Where do you start then? Why do we need so many technologies? Which technologies and tools should I learn? In what order should I learn them? How do these tools work together? These are questions that I myself wanted answered when I had started learning about DevOps.

Resources do exist about this topic to help beginners get started but a lot of them are not to-the-point and leave a lot of ambiguity which leave many newcomers confused, making them believe that DevOps is extremely complex and not a possible field for their development journey which is not at all the case.

So I thought why don't I try and take a stab at answering these questions?

Lets get started!

What is DevOps?

DevOps combines development and operations together in a single unified field and is simply a concept that consists of various practices and tools that try to improve any organizations ability to deliver services and applications faster to users.

It does so by automating most if not all of the processes tied to delivering an application so much so that as an example in order to host a website all a developer needs to do is push their commits to GitHub.

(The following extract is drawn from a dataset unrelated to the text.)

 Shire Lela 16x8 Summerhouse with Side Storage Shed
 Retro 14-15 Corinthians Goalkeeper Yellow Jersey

Conceptually it also deals with software development lifecycle models such as agile methods that are aimed at improving the rate of delivering applications.

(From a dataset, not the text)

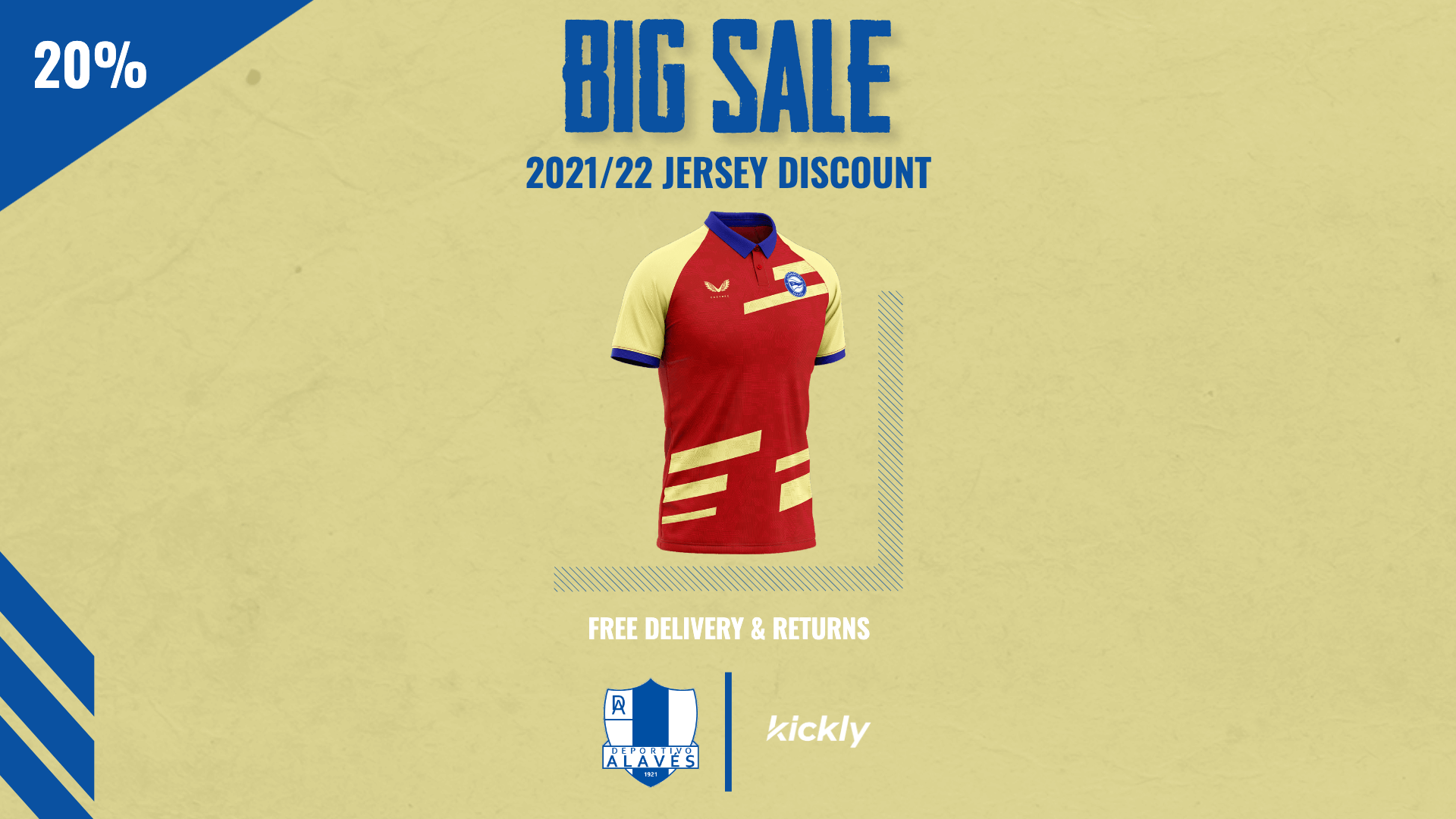 Jersey Discount Editable Template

At its core, as a DevOps enginner what would be expected of you is to create and maintain automated systems in the form of Continuous Integration (CI) and Continuous Deployment (CD) using various tools and technologies which deals with the steps upto writing the code, along with the steps needed after it until delivered to its users.

Why DevOps?

DevOps as a field allows you to learn about important concepts such as systems design along with teaching you how extremely large projects are maintained.

Also there is a mind blowing high demand of DevOps enginners which pay exorbitant amounts of money for doing work that is pretty minimal in nature. This is a great incentive for anyone wanting to earn huge amounts of money and gain new opportunities.

In short DevOps allows you to rake in a lot of money especially via remote work, has great career development potential, immense community and network building and the work is not at all hectic as compared to other development fields.

What is CI/CD?

CI/CD as also mentioned above stands for Continuous Integration and Continuous Deployment/Delivery. It is the backbone concept of any DevOps engineers work as a CI/CD pipeline is actually majority of the work that is required in DevOps.

It breaks the entire developer to user workflow into two components, one that deals with ensuring the maintainance of the software or application and the other deals with ensuring that the maintained application reaches to its users without fail all the while keeping in mind that the applications is still in development and future changes and updates are to be expected.

What is CI?

Continuous Integration or CI for short deals with automating the process of working together and collaboriting on an application, since there will be a lot of developers working on the application at a time, it is required to test the updated codebase, build the code, get the code coverage etc after every change either big or small.

If these changes were to be tested manually then it would require the developer to build the entire codebase on their system then run all tests and generate analysis data, vulnerability analysis etc on their own for every small change and would take up a lot of time if the project is anything bigger than hobby work.

So to save time, improve efficiency and maintain consistency we automate this entire process using various technologies and build a pipeline.

A pipeline is simply a sequence of steps that are executed one after the other and each step in the pipeline takes in input from the output of the previous step and gives output which is taken as input for the next step.

What is CD?

Continuous Delivery or Continuous Deployment deals with creating a sequence of steps that execute in order to release the application or project for the users to use.

If this sequence needs to be manually triggered it is referred to as Continuous Delivery, Continuous Deployment is the next step of Continuous Delivery automation in which the entire sequence is executed automatically and requires no manual intervention from anyone.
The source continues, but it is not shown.